Neeleman has admitted to being “humiliated and mortified” by his company’s post-storm meltdown (one might wish that his status included “fired.”) But JetBlue’s outbreak of passenger abuse reflects larger problems in corporate America. One is a premium on youth at the expense of experience. According to Aero News, this may have had something to do with the company’s decision, shortly after the storm, to push planes off to the tarmac rather than canceling flights, as the older airlines did. JetBlue’s approach certainly succeeded in clearing some boarding areas of noisy, disgruntled passengers, but a stun gun might have been more humane.
“There’s a lot more gray hair at older airlines than there is at JetBlue,” Aero News quoted Tim Sieber, general manager of the Boyd Group, an aviation-consulting firm. But youth is part of JetBlue’s branding, even if it means having no one around who’s ever seen snow.
The other widespread problem is a simple shortage of employees. Since the late eighties, corporate America has pursued the beautiful dream of an employee-free company. Imagine: no payroll except for the top executives, no benefits to provide, and of course no unions! So the pattern has been that every time a company downsizes, its stock rises and its top managers drool over their burgeoning portfolios.
Since 9/11, the airlines in particular have been shedding employees like unwanted ballast, with predictable results. As the New York Times reports, there’s been an industry-wide “thinning of staff,” meaning that in bad weather, airlines often “do not have enough people…” Which might be OK if bad weather hadn’t become so routine that it’s crowding out all other news on CNN.
The budget airlines are especially skimpy when it comes to human employees.

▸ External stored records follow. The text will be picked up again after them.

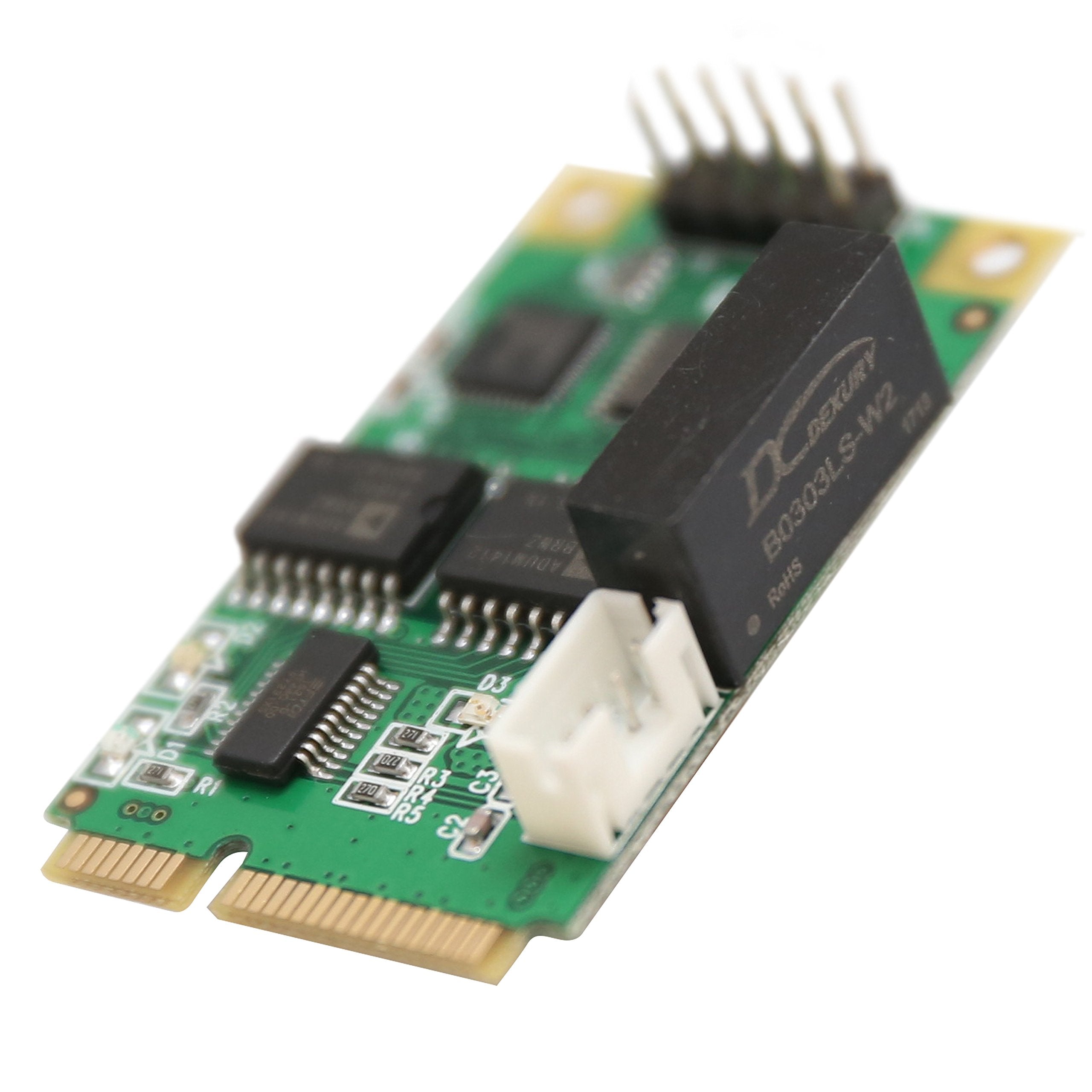 Io Crest Si Mpe15062 Full Size Mini Pcie Card Or Usb 2.0 1 Port Serial Db9 Rs232/422/485 Adapter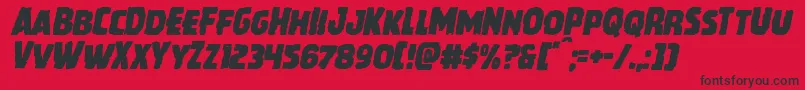 Howlinmadital Font – Black Fonts on Red Background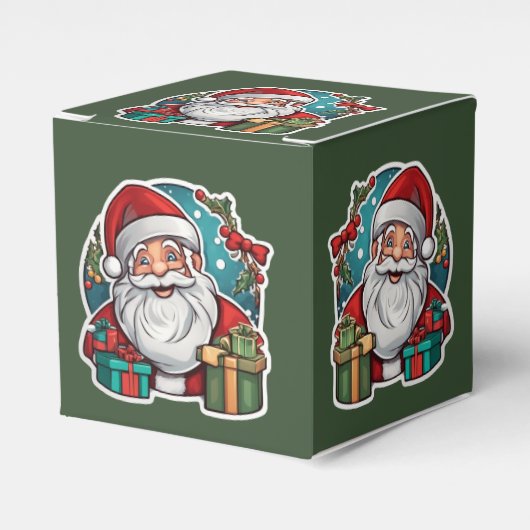 Weihnachtsmann mit Geschenken - Geschenkschachtel (Vorderseite)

In late 2006, Neeleman announced plans to reduce its number of full-time employees per plane from 93 to 80. He should rethink that, since the major reason JetBlue couldn’t get back off the ground after the Valentine’s Day storm was that it lacks the personnel to connect crews to their flights. Pilots and flight attendants remained stuck in their hotels while passengers slept on airport floors.
Neeleman might also want to rethink the paltry passengers’ “bill of rights” JetBlue is offering as part of its effort to regain customer trust. What it’s missing is the crucial right to be freed from an airplane that isn’t going anywhere at all. According to a spokesman for the Air Transport Association, the industry’s major trade group, such a right would “impose[s] inflexible standards on a carrier's operations” -- just as laws against kidnapping place a terrible burden on ransom-seekers.
If I get stuck on the tarmac for more than three hours, I plan to use my cell phone to call Homeland Security. Let’s face it, JetBlue and the rest of you: Anything more than three hours on the ground isn’t an airline delay, it’s a hostage situation.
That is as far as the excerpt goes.